In 2017, Bolton advocated ending the “One China” policy that acknowledges China as the sovereign over Taiwan. Bolton took the position that the US should establish military bases on Taiwan, a position that would likely result in a military confrontation between two nuclear-armed powers.
Bolton took a leading role in the Bush administration’s efforts to justify the war of aggression against Iraq based on the lie that Saddam Hussein was developing “weapons of mass destruction.” As Undersecretary of State for Arms Control and International Security in 2002, he was responsible for promoting forged evidence that Iraq was attempting to buy uranium (“yellowcake”) from Niger. Like the rest of the Bush administration’s pretexts for the war in Iraq, this was a bold-faced lie.
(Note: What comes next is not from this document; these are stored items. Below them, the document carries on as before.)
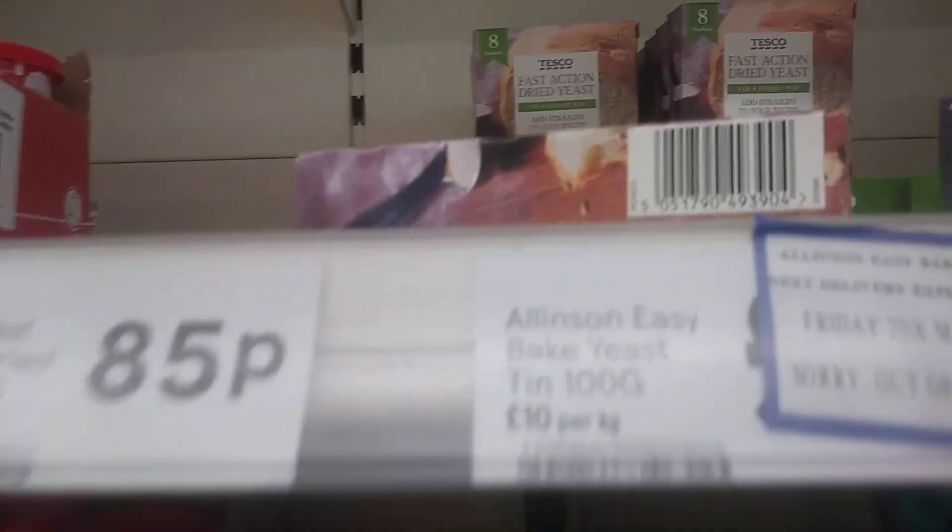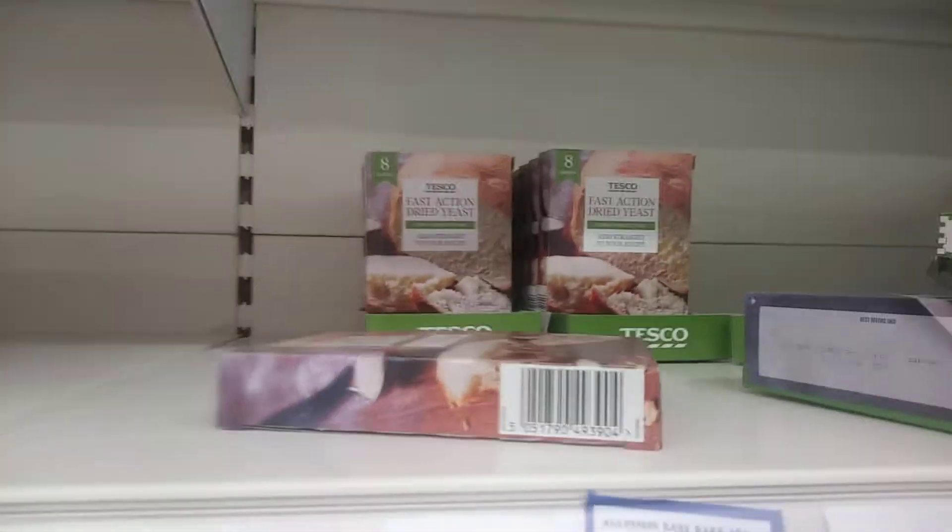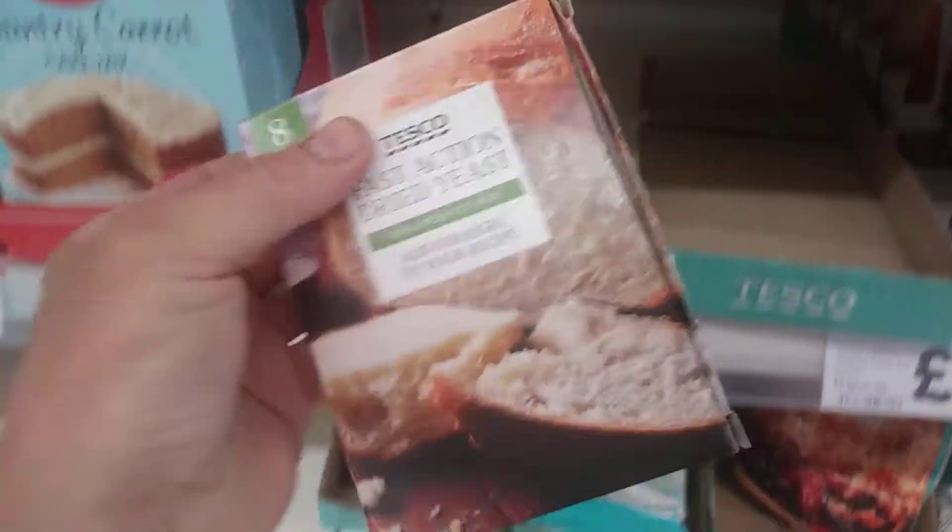Hi guys, it's Tony. If you were wondering where to get yeast, they've got them in Tesco's at the moment. Essentially you can use this for winemaking.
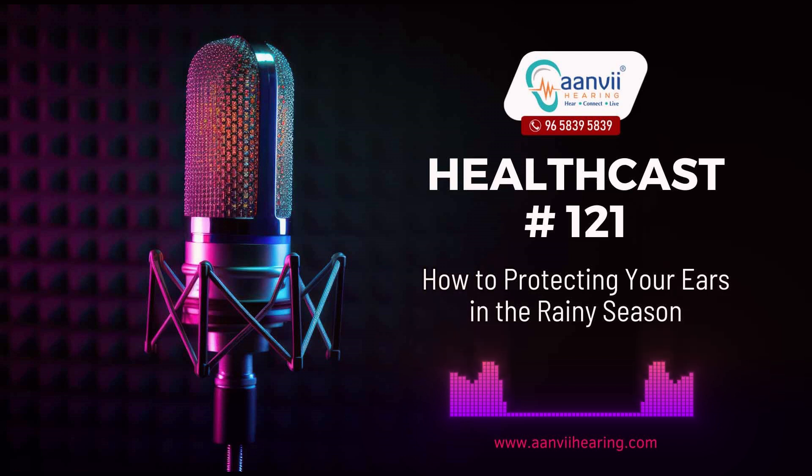Use ear drops sparingly. While ear drops can help with earwax removal or ear discomfort, be cautious during the rainy season. Excessive use of ear drops can disrupt the ear's natural moisture balance, making it more susceptible to infections. If you experience ear discomfort, it's best to consult a healthcare professional for appropriate treatment.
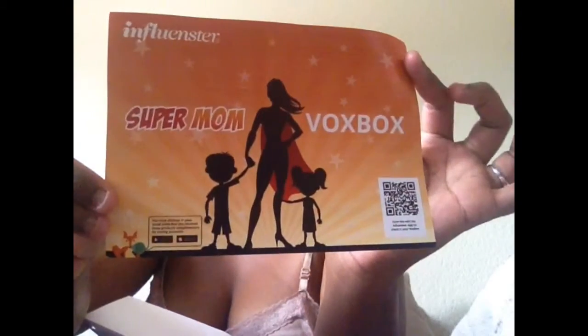Okay, so this is a box for mommies. I'm going to read you guys what I got. This is called the Super Mom Vox Box.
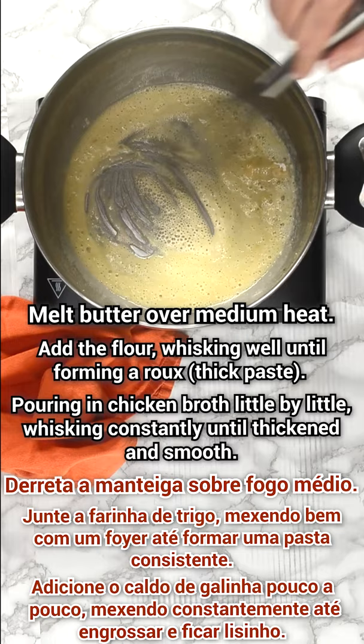Melt the butter over medium heat, add the flour and whisk well until forming a roux.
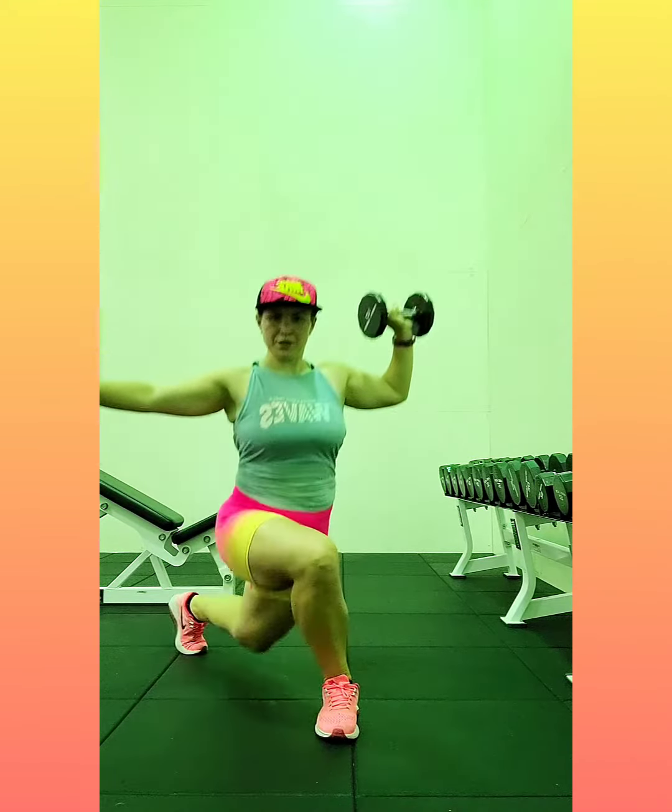Curtsy lunge, single shoulder press. So I say lunge because our foot is going way back. Press with that one arm. Keep those abs braced.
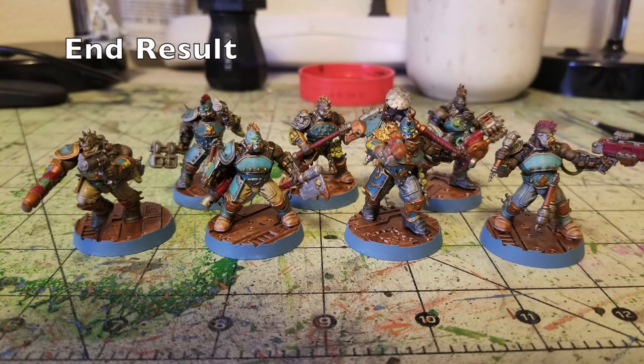This is the end result of what the Stempunks look like. As you can see, they have a beautiful tabletop finish — painted to tabletop standard. They look bright and vibrant but still a little wasted and grimy at the same time, looking like they're ready to fight it out for honor and glory in the urban hellscape of the ash wastes.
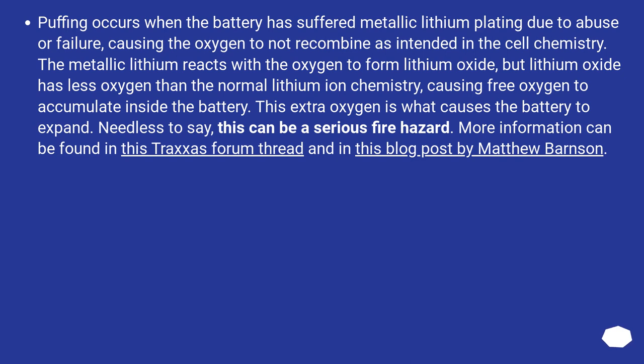Puffing occurs when the battery has suffered metallic lithium plating due to abuse or failure, causing the oxygen to not recombine as intended in the cell chemistry. The metallic lithium reacts with the oxygen to form lithium oxide, but lithium oxide has less oxygen than the normal lithium-ion chemistry, causing free oxygen to accumulate inside the battery. This extra oxygen is what causes the battery to expand — needless to say, this can be a serious fire hazard.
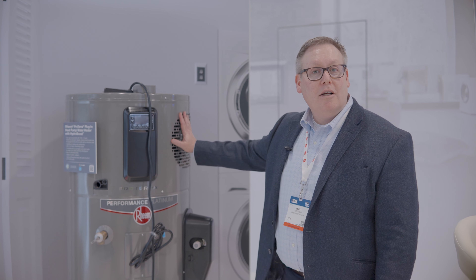Again, both are ENERGY STAR. Both are eligible for Inflation Reduction Act tax credits and rebates at the state level when those come out later in 2024. You can find them all on our website, rheem.com.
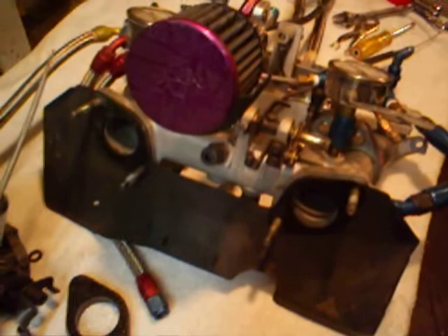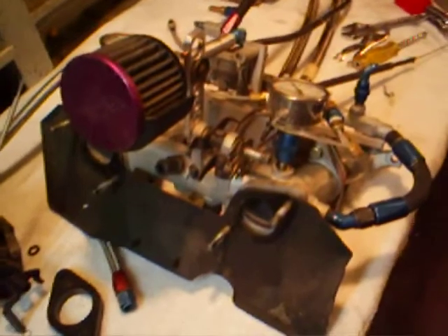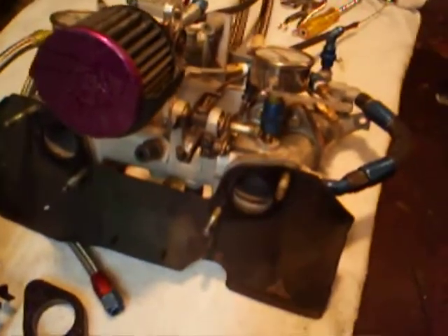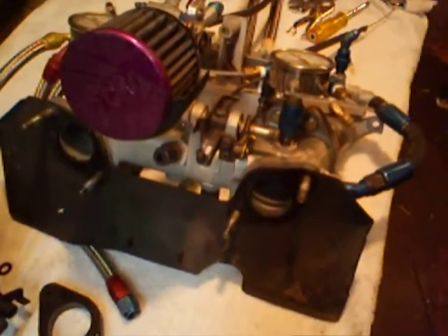Another quick video here. I'm in the process of removing the heat shield from the carburetors because it's not necessary in my setup — it's just in the way, it's all bent up, it's rusted, it's got to go. The original carburetors had the exhaust manifold right next to the intake, which mine don't. It's on the opposite side of the head, so it's not needed.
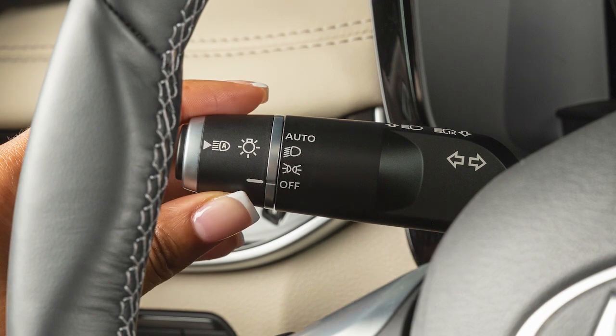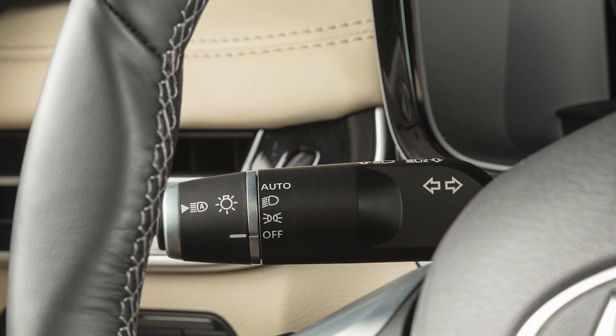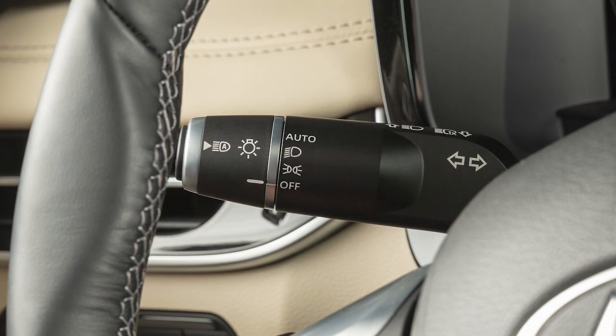To signal turns, move the turn signal lever upward for a right turn or down for a left turn. When you've completed the turn, the signal cancels automatically.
Bolton will not only have the ear of President Trump, he will run the National Security Council, which coordinates the policies of the intelligence agencies, the different branches of the armed forces and the State Department. As Vox News wrote, “He will present the president with strategic assessments of high-level officials like the secretaries of defense and state, offer his own thinking, and then communicate Trump’s ultimate decision to the agencies and work to ensure it’s implemented.”
Bolton’s reemergence within the inner circle of American imperialist decision-making exposes the role played by the Democratic Party since the run-up to the Iraq War, launched 15 years ago this week. At each stage in the preparation, launching, and expansion of the war, the Democratic Party sought to divert mass opposition to war behind its own electoral campaigns, including that of John Kerry in 2004, the 2006 midterm elections, the Barack Obama campaign in 2008, and those of Bernie Sanders and Hillary Clinton during the Democratic primaries and general election of 2016.
Despite the fact that the Democratic Party controlled the presidency from 2009 to 2017, not a single leading figure responsible for war crimes, including the CIA officials responsible for torture, have been punished or even fired.
Instead, Obama escalated imperialist war around the world. Just this week, the Democratic Party voted for a $1.3 trillion federal budget which includes massive increases in military spending. As a result of the imperialist character of both parties, a detestable figure like John Bolton is able to return to the Oval Office.